For this we uses what is called Probes.(Unity's naming) They capture environment at a specific point in space.
We need information in all directions so we render a cubemap from this specific point.
A world cubemap that only contains the world texture need to be available as default probe source. This is the distant probe infinitely far away.
For local cases, I think that each object should have the possibility to become a probe source. This way no other object type is required and no complicated setups have to be made to get good lighting approximation on one specific object.
Local Probe assignation is discussed later.
Optimization : We can render the 6 faces of the cubemap with a single call with geometry shader
Depending on what is needed we have to precompute the diffuse contribution of this environment.
We have Two choice of storage for this.
- Low res Cubemap : Cubemap size * 6 storage, need additional Shader Sampler, no light bleeding, will be Pixelated.
- Spherical Harmonics : (9 or 16 coefficient to Compute), low storage cost, light bleeding, smooth result, easily interpolated.
I think going with spherical harmonics is a good choice and a lot of people seems to use it already. The artifacts introduced by the 9 bands could be “solved” using 16 bands. This could be a quality parameter. We can use compute shader if available for this task.
If we need to prefilter the cubemap for a specific BRDF we have to also do it at this stage.
For this I would be inclined to use Prefiltered Importance sampling as is decrease drastically the process time. A scene could have a lot of probes and refreshing all of them should not take more than a few seconds.
Optimization : this process should be async and not freeze the UI. But necessary before each frame of an « Opengl Render ».
One other important point is refreshing the captures.
My proposition on this point is :
- World probe is updated every time the world node tree changes.
- Local probes are updated only on request. An additional auto refresh checkbox (per probe/global?) would refresh the probe on any scene changes.
Additionally we can provide an operator to update every probes.
Another concern is light bounce. If we don't render only direct lighting inside the probes, we can fall inside a dependency loop. As the probes in the refresh list are updated, the firsts become obsolete because of the new one. I suggest to allow more than one refresh to aleviate this problem and allow more stable animations and allow light to bounce. Disabling probes for the probes renders is also a possibility eliminating this problem.
So pseudo code for this stage is :
Gather probes tagged to be refreshed.

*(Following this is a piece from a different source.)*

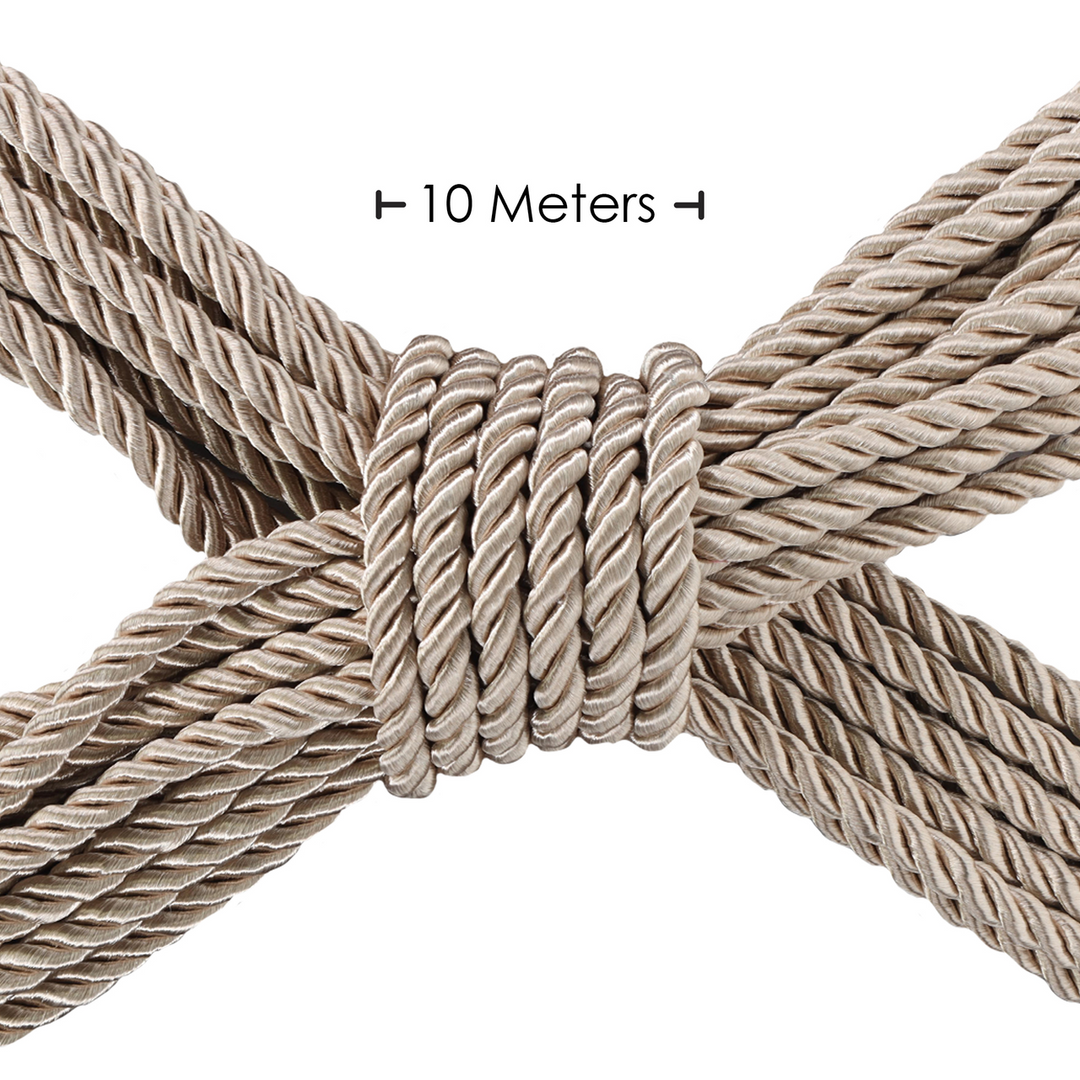 Polyester Bondage Rope - 32.8 ft / 10 m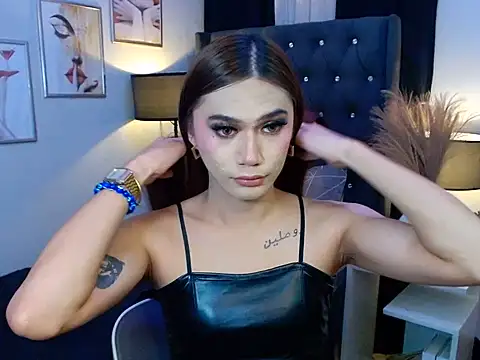 MarieWanah's Webcam Show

For each light bounce For each probe to refresh Renders the scene to a cubemap render target Prefilter cubemap / compute SH Store result and tag the probe as refreshed
2. Pre Render Buffers
If we want to support screen space effects such as Screen space reflection (SSR) or occlusion (but not post render to apply it effectively) we have to get access to screen information when rendering the geometry.
A depth prepass used for culling could be re-used for ambient occlusion. But for reflection we need a color buffer.
So we have two choices :
- Use the previous frame with re-projection : Faster, may have temporal artifacts, bouncing lights for free.
- Render the scene first without SSR : Easier to implement but Very Slow, no light bounce.
I will definitly go for the first choice but as of now (september 2016) only the second is implemented.
In render mode we might give the opportunity to render the first frame (or all frames) twice to cancel temporal artifacts.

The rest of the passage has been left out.